A Argentina já enfrenta dificuldades para pagar o empréstimo de US$ 57 bilhões que contraiu do Fundo Monetário Internacional (FMI) em 2018 e renegociou em 2022, o que torna um outro pacote de ajuda para financiar a dolarização altamente improvável. E por fim, alertam eles, a dolarização em si não resolverá os desequilíbrios fiscais fundamentais que levaram a Argentina a dar calote em dívidas nove vezes, incluindo três nas duas décadas passadas.
Uma ideia pouco factível
“Eu considero que (dolarização) não é factível no curto prazo”, disse à AQ Alejandro Werner, ex-diretor do Departamento de Hemisfério Ocidental do FMI. “A Argentina não têm dólares para se dolarizar e não tem acesso ao mercado financeiro para obter dólares. A única coisa que isso faria é colocar mais títulos argentinos nas mãos do setor privado internacional, diretamente ou indiretamente, portanto baixando ainda mais o valor dos títulos argentinos.”

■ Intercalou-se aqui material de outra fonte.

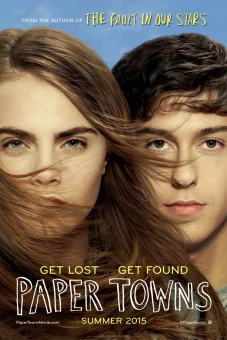 Thị Trấn Paper (Paper Towns)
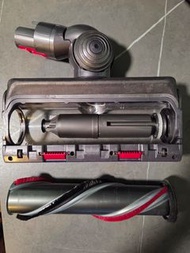 Dyson V11/V15 高扭矩100W吸頭，原裝正貨，有使用痕跡，正常工作。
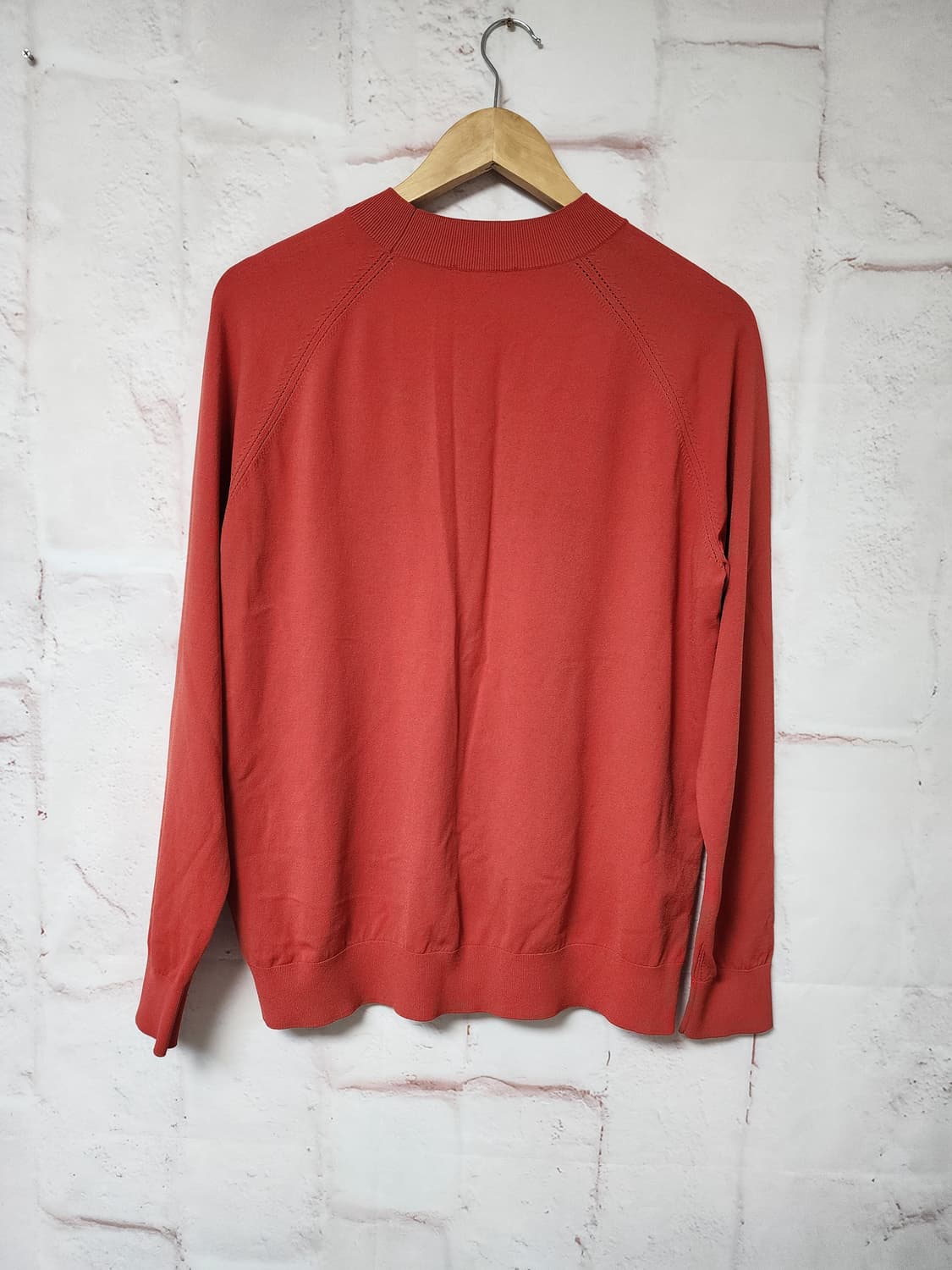 COS 레이온 니트 셔츠 상품이미지4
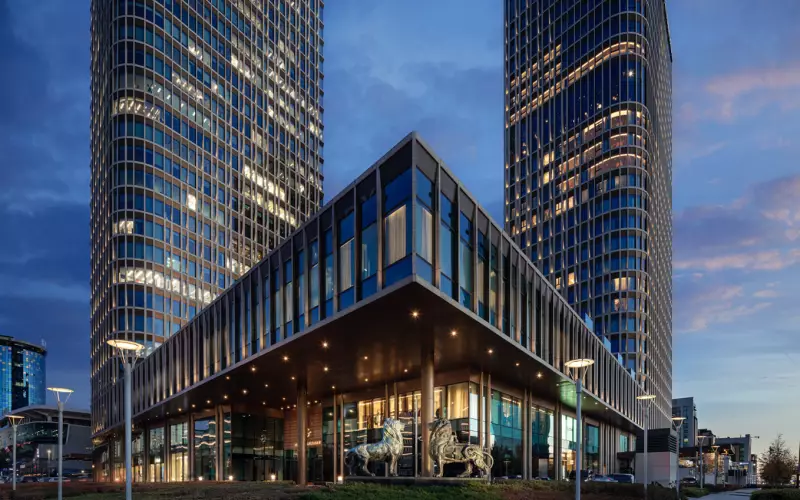 Мировое признание и успех The Ritz-Carlton, Astana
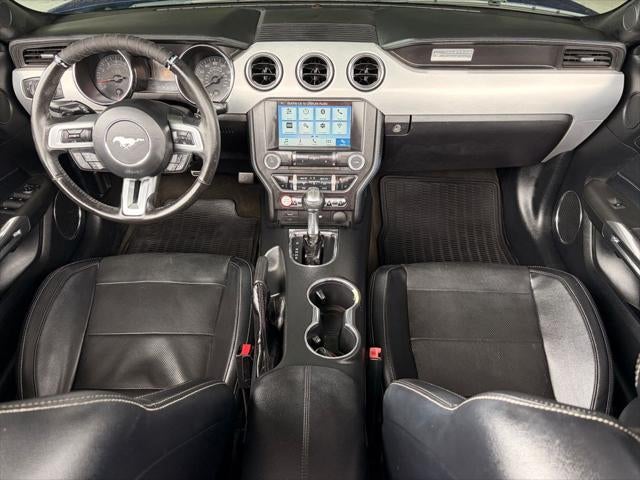 2016 Ford Mustang EcoBoost Premium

Milei e seus conselheiros mais próximos insistem veementemente no contrário. O economista Emilio Ocampo, encarregado do plano de dolarização de Milei, afirma que nem reservas no Banco Central nem um empréstimo internacional multibilionário seria necessário para avançar com o novo sistema. Em entrevista a uma rádio, em meados de agosto, ele afirmou que os argentinos têm mais de US$ 200 bilhões em poupanças e outros depósitos internacionais. “Quando esse dinheiro entra em circulação, por exemplo, para pagar impostos, o Tesouro terá automaticamente moeda disponível para avançar com o processo”, afirmou Ocampo.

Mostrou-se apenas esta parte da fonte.